Provided material:
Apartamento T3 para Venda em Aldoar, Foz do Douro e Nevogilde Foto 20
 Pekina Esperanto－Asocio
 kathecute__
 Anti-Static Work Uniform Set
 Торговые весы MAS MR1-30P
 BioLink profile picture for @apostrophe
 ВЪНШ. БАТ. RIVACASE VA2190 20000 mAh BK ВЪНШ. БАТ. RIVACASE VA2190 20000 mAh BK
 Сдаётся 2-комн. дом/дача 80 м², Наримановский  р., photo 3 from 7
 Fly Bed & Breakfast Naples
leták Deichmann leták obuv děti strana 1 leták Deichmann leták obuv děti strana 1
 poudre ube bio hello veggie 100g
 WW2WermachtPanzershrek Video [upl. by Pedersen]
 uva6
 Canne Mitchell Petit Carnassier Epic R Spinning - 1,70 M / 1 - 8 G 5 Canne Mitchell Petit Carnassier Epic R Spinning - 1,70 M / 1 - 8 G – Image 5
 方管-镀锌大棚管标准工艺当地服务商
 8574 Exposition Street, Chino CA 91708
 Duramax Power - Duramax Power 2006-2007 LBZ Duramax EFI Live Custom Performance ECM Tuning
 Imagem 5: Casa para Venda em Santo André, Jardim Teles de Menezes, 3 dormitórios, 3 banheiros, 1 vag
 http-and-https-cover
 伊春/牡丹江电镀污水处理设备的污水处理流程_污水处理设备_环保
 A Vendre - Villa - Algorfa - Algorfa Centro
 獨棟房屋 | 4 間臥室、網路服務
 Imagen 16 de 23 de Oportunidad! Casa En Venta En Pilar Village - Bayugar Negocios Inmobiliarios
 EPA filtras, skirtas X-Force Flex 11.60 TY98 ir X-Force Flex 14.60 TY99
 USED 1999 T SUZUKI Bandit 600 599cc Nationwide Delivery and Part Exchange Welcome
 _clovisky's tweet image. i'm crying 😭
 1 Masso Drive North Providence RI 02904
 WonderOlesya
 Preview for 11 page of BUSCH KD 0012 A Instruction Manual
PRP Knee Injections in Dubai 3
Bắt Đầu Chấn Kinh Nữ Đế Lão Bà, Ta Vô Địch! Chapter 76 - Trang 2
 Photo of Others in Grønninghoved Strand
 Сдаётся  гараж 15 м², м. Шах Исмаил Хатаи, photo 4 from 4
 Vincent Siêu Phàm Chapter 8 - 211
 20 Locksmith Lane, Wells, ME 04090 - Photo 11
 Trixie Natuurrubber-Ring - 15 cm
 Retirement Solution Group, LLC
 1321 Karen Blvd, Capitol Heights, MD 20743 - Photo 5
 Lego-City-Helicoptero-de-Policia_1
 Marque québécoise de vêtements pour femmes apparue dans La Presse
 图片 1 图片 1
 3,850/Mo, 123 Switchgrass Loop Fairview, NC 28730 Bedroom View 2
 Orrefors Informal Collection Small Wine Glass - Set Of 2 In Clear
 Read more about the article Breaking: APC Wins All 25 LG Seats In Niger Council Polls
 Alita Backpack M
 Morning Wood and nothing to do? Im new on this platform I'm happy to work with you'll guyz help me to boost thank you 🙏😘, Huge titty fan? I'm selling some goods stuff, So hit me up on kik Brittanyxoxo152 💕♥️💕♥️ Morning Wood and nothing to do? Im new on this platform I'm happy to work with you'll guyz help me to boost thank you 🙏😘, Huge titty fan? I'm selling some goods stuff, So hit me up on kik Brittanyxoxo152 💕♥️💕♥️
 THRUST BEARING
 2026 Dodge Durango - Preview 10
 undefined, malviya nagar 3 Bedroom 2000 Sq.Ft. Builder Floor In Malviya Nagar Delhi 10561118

Work request:
From the data above, output only the lines between the line containing "leták Deichmann leták obuv děti strana 1 leták" and the line containing "Imagem 5: Casa", inclusive, exactly as written.

Exercise solution:
leták Deichmann leták obuv děti strana 1 leták Deichmann leták obuv děti strana 1
 poudre ube bio hello veggie 100g
 WW2WermachtPanzershrek Video [upl. by Pedersen]
 uva6
 Canne Mitchell Petit Carnassier Epic R Spinning - 1,70 M / 1 - 8 G 5 Canne Mitchell Petit Carnassier Epic R Spinning - 1,70 M / 1 - 8 G – Image 5
 方管-镀锌大棚管标准工艺当地服务商
 8574 Exposition Street, Chino CA 91708
 Duramax Power - Duramax Power 2006-2007 LBZ Duramax EFI Live Custom Performance ECM Tuning
 Imagem 5: Casa para Venda em Santo André, Jardim Teles de Menezes, 3 dormitórios, 3 banheiros, 1 vag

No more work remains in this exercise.